**WORK ITEM**
Would you return each entry exactly as written, omitting any pictures?

**DATA PROVIDED**
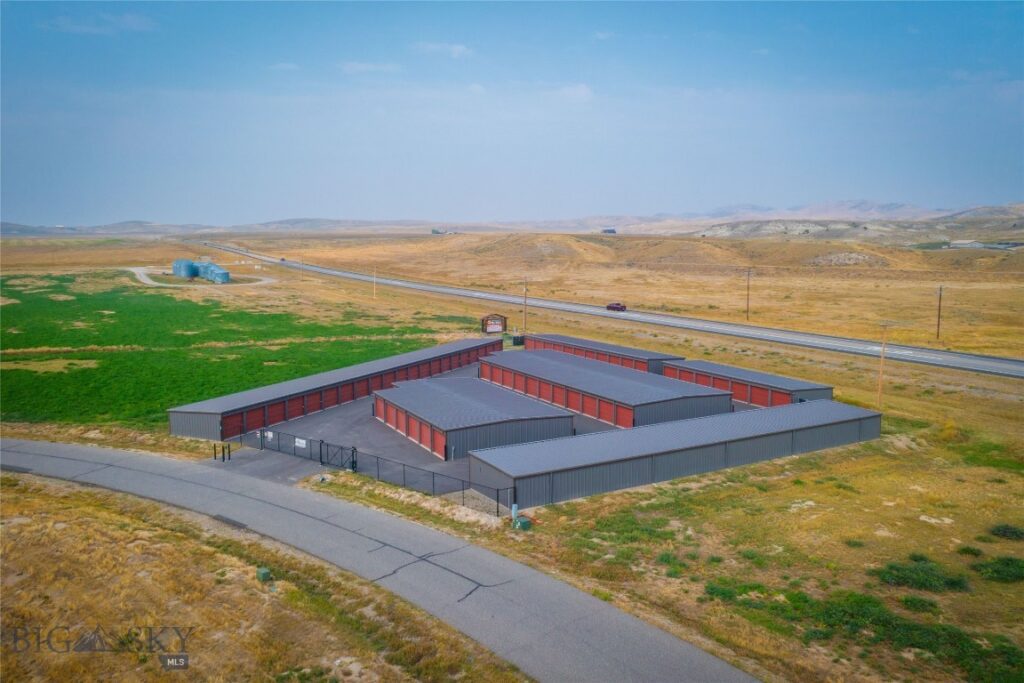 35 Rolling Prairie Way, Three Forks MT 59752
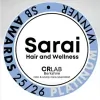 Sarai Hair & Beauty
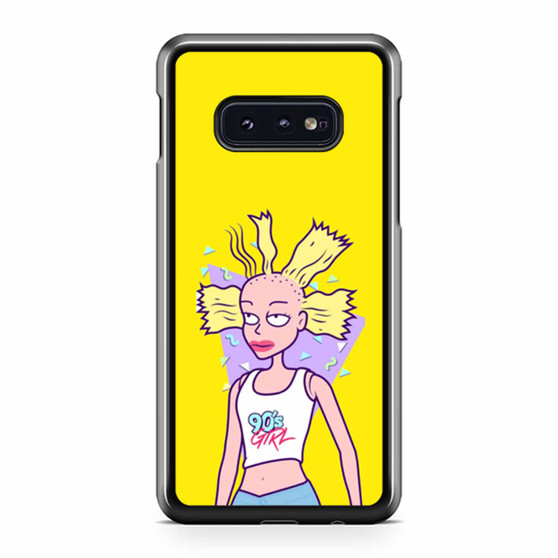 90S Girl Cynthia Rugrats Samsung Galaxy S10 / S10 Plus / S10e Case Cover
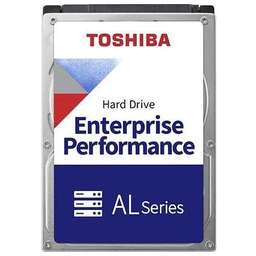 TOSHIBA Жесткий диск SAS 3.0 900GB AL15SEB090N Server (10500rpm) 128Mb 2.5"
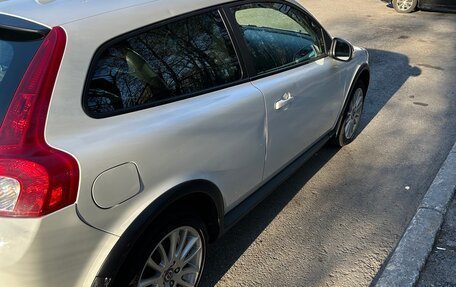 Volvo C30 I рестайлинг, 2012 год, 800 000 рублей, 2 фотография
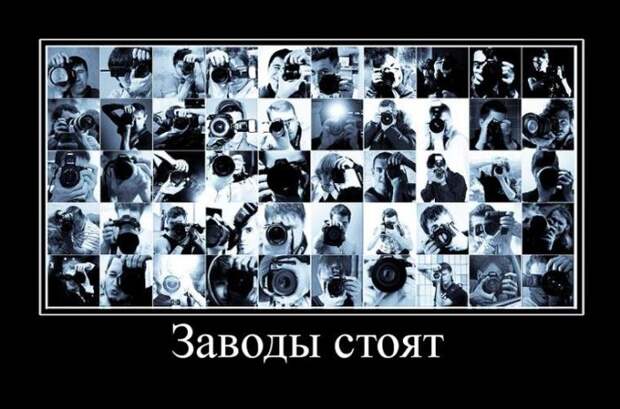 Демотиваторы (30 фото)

**RESULT**
 35 Rolling Prairie Way, Three Forks MT 59752
 Sarai Hair & Beauty
 90S Girl Cynthia Rugrats Samsung Galaxy S10 / S10 Plus / S10e Case Cover
 TOSHIBA Жесткий диск SAS 3.0 900GB AL15SEB090N Server (10500rpm) 128Mb 2.5"
 Volvo C30 I рестайлинг, 2012 год, 800 000 рублей, 2 фотография
 Демотиваторы (30 фото)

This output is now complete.